By Nandita Bose and Douglas Busvine
CHICAGO/NEW DELHI (Reuters) - U.S. retailer Bed Bath & Beyond <BBB.O> on Wednesday said it ordered an external audit of textiles from Welspun India <WLSP.N>, after Target Corp <TGT.N> last week accused the Indian manufacturer of passing off cheap sheets as premium Egyptian cotton for two years.
This could compound the woes of Welspun, which supplies to several large U.S. retailers and has seen its shares plummet nearly 43 percent since Target's announcement on Friday.
The incident highlights the problems large retailers face with quality control and compliance when procuring from suppliers spread around the world. It also harms Indian Prime Minister Narendra Modi's efforts to spur global companies to increase manufacturing in India.
Bed Bath & Beyond spokeswoman Leah Drill said the retailer will pursue an investigation and take appropriate action.
Bed Bath & Beyond's announcement comes after the world's largest retailer, Wal-Mart Stores Inc <WMT.N>, this week said it is reviewing Welspun's cotton certification records.

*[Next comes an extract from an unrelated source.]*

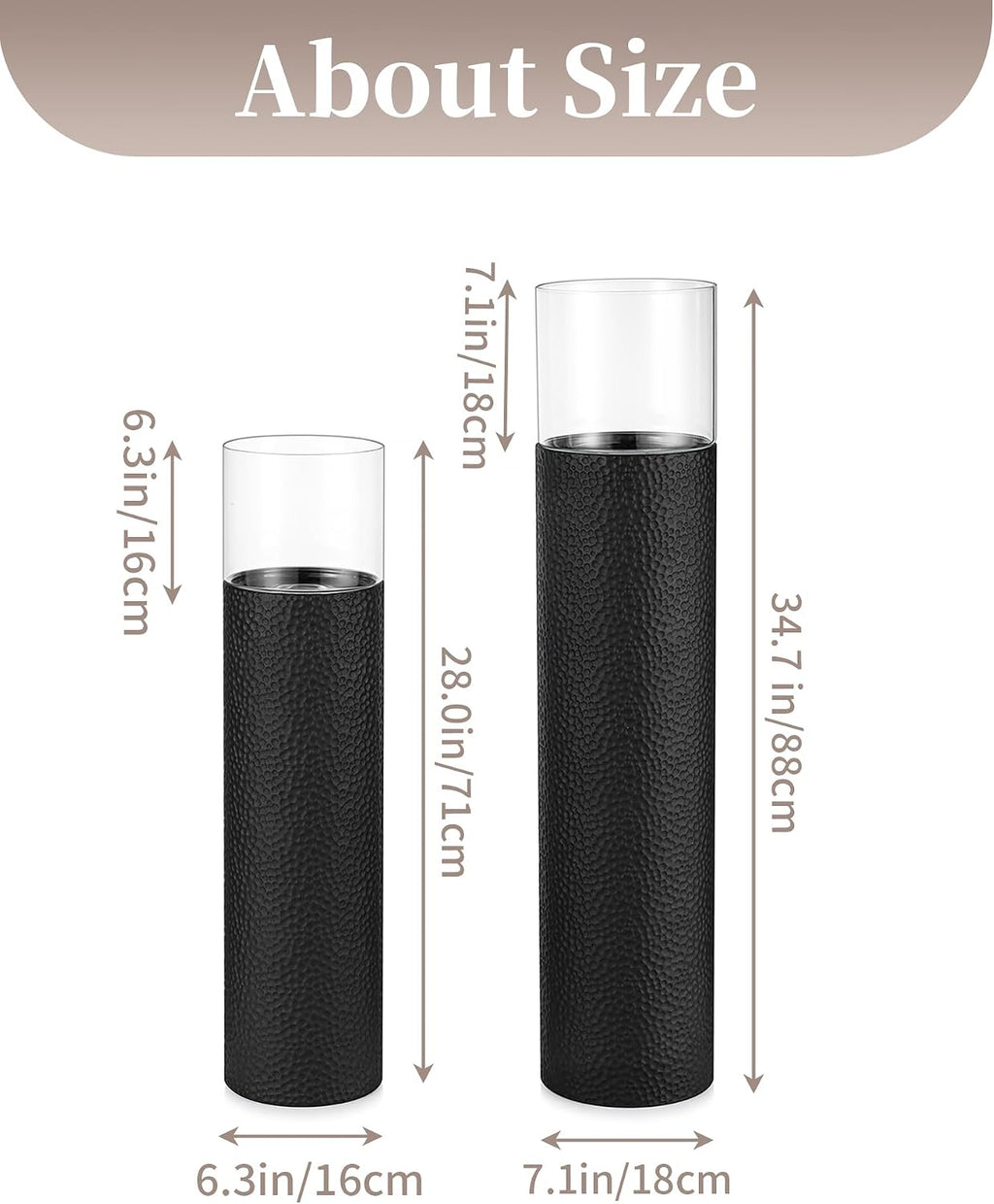 Sziqiqi Tall Floor Candle Holders: 34/27 inch Hurricane Pillar Candleholders Set of 2 for Home Decor - Large Black Cylinder Candle Stand for Outdoor Porch Living Room Fireplace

Department store JC Penney <JCP.N> is also conducting an investigation "to ensure the integrity of Welspun's product claims." Macy's Inc <M.N> on Wednesday said it is monitoring the situation.
Target on Wednesday said it is in the process of taking out all products manufactured by Welspun under the 'Fieldcrest' label, and has already removed 750,000 Fieldcrest bedding products from stores and its website. Those were sold between 2014 and 2016, and Welspun claimed they were made from Egyptian cotton, spokeswoman Molly Snyder said.
The investigation at Target, which routinely audits its products, finished at the end of July, Snyder said. She declined to provide details about what triggered the investigation.
Target is offering a refund, in the form of a gift card, to affected customers who either have a loyalty card or purchased the products online.
Target declined to comment on how this kind of product quality issue was missed by their internal buying team for such a long period.
However, Snyder said that Target had taken no action against its employees and blamed Welspun for leading them to believe that what they were supplying was, in fact, Egyptian cotton. "This was 100 percent a Welspun issue," she said.
On Monday, Welspun said it was investigating the product specification issue and would hire a Big Four accounting firm to review its supply processes.
Some retailers such as Swedish home furnishing giant IKEA AB [IKEA.UL] said they would continue doing business with Welspun while awaiting the outcome of the Indian textile manufacturer's probe.